Anschläge auf die Opposition werden nur selten aufgeklärt

Derlei Äußerungen sind in dem bitterarmen Land gefährlich. Immer wieder erleiden Regimekritiker „tragische Verkehrsunfälle“, mysteriöse Herzattacken oder sie verschwinden plötzlich – und tauchen nie wieder auf. Ernsthafte Untersuchungen solcher Fälle gibt es ebenso wenig wie eine unabhängige Justiz.
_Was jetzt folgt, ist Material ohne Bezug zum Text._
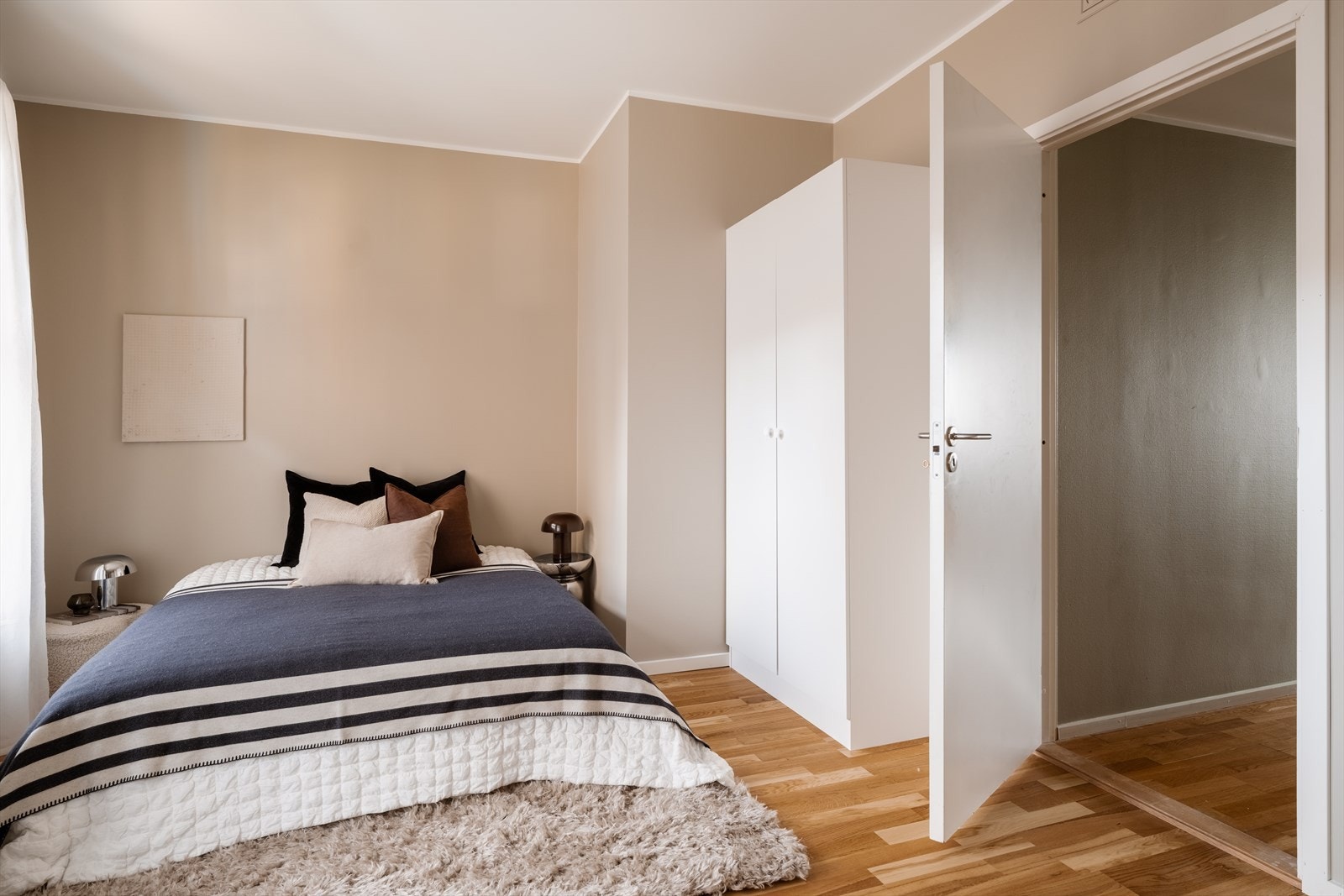 Rommet er utstyrt med et praktisk garderobeskap for god oppbevaring. Galleribilde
Der aus Argentinien stammende Papst weiß das, weshalb er die Drohungen gegen Weihbischof Baez ernst nahm und diesen aus Managua abzog.

Mit öffentlicher Kritik am Ortega-Regime hält sich das Kirchenoberhaupt indes auffällig zurück – wohl um die verblieben diplomatischen Kanäle offen zu halten. Einige Stimmen warfen ihm zuletzt vor, sich nicht eindeutig hinter Alvarez zu stellen. Beim Mittagsgebet am Sonntag auf dem Petersplatz erklärte sich Franziskus nun vor aller Welt solidarisch mit dem Verurteilten: „Die Nachrichten aus Nicaragua haben mich tief betroffen gemacht.“ Er bete für den Bischof von Matagalpa, den er sehr schätze, und für alle anderen Leidtragenden.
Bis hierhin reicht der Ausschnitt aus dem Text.